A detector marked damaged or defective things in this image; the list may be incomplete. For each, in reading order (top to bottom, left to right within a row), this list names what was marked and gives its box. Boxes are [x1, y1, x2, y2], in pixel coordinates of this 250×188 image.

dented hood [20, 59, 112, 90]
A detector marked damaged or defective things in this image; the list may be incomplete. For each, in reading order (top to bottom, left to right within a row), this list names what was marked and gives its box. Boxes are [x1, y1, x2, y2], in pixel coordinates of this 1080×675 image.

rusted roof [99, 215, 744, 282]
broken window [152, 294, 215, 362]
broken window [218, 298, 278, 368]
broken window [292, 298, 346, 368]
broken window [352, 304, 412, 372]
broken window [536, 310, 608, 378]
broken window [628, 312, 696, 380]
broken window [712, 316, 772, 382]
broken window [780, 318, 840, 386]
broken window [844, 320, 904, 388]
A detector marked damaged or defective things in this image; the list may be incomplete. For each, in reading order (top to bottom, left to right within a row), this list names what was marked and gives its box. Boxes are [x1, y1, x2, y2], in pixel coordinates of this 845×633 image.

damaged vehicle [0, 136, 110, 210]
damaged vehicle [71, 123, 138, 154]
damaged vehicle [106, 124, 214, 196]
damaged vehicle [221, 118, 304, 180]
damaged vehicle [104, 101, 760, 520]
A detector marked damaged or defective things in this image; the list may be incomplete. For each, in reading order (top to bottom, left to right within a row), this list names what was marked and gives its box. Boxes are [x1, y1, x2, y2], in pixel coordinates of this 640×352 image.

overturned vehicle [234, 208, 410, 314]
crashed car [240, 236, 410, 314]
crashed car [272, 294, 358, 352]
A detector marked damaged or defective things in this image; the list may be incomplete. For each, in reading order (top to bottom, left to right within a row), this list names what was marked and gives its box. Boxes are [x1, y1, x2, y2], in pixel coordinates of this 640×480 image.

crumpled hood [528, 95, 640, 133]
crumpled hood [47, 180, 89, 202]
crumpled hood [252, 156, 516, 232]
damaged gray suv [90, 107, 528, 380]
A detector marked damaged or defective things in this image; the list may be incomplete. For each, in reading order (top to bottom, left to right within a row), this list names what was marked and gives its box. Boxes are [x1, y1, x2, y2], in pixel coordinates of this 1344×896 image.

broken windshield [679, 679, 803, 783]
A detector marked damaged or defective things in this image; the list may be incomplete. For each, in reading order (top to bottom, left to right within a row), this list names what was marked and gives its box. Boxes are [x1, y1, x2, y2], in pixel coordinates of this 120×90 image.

Exercise aim :: A verbatim transcription is required of the lines from the one with "this 640×480 image." through the final line of the entries above, and of nothing else.

Result ::
A detector marked damaged or defective things in this image; the list may be incomplete. For each, in reading order (top to bottom, left to right within a row), this list names what was marked and gives its box. Boxes are [x1, y1, x2, y2], in pixel coordinates of this 640×480 image.

crumpled hood [528, 95, 640, 133]
crumpled hood [47, 180, 89, 202]
crumpled hood [252, 156, 516, 232]
damaged gray suv [90, 107, 528, 380]
A detector marked damaged or defective things in this image; the list may be incomplete. For each, in reading order (top to bottom, left to right within a row), this list names what was marked and gives its box. Boxes are [x1, y1, x2, y2], in pixel coordinates of this 1344×896 image.

broken windshield [679, 679, 803, 783]
A detector marked damaged or defective things in this image; the list may be incomplete. For each, in reading order (top to bottom, left to right within a row), this list names what was marked and gives its box. Boxes are [x1, y1, x2, y2], in pixel coordinates of this 120×90 image.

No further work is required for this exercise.